## Required action
Repeat each entry below exactly as it stands.

Data extracted from a collection

[Start of Attachment]

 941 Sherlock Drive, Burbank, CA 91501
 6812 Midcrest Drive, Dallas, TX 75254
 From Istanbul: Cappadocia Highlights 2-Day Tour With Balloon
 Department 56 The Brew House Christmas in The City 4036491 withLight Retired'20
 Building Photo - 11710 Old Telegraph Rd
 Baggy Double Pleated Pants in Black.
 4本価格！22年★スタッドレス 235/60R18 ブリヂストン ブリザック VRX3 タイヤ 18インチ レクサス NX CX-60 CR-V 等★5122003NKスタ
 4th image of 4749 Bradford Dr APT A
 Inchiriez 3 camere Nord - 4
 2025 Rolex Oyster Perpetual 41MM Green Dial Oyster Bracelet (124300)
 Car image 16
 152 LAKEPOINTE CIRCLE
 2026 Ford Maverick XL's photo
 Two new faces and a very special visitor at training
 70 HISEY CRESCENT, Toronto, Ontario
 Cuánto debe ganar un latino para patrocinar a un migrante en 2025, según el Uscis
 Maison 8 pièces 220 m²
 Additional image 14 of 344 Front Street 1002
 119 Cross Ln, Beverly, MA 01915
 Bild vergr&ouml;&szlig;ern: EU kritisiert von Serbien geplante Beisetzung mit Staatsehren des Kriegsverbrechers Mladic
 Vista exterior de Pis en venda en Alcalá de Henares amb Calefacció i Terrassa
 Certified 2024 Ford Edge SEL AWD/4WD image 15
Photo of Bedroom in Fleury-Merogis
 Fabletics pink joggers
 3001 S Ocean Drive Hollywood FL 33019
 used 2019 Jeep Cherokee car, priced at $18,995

[End of Attachment]

## Result of the task
 941 Sherlock Drive, Burbank, CA 91501
 6812 Midcrest Drive, Dallas, TX 75254
 From Istanbul: Cappadocia Highlights 2-Day Tour With Balloon
 Department 56 The Brew House Christmas in The City 4036491 withLight Retired'20
 Building Photo - 11710 Old Telegraph Rd
 Baggy Double Pleated Pants in Black.
 4本価格！22年★スタッドレス 235/60R18 ブリヂストン ブリザック VRX3 タイヤ 18インチ レクサス NX CX-60 CR-V 等★5122003NKスタ
 4th image of 4749 Bradford Dr APT A
 Inchiriez 3 camere Nord - 4
 2025 Rolex Oyster Perpetual 41MM Green Dial Oyster Bracelet (124300)
 Car image 16
 152 LAKEPOINTE CIRCLE
 2026 Ford Maverick XL's photo
 Two new faces and a very special visitor at training
 70 HISEY CRESCENT, Toronto, Ontario
 Cuánto debe ganar un latino para patrocinar a un migrante en 2025, según el Uscis
 Maison 8 pièces 220 m²
 Additional image 14 of 344 Front Street 1002
 119 Cross Ln, Beverly, MA 01915
 Bild vergr&ouml;&szlig;ern: EU kritisiert von Serbien geplante Beisetzung mit Staatsehren des Kriegsverbrechers Mladic
 Vista exterior de Pis en venda en Alcalá de Henares amb Calefacció i Terrassa
 Certified 2024 Ford Edge SEL AWD/4WD image 15
Photo of Bedroom in Fleury-Merogis
 Fabletics pink joggers
 3001 S Ocean Drive Hollywood FL 33019
 used 2019 Jeep Cherokee car, priced at $18,995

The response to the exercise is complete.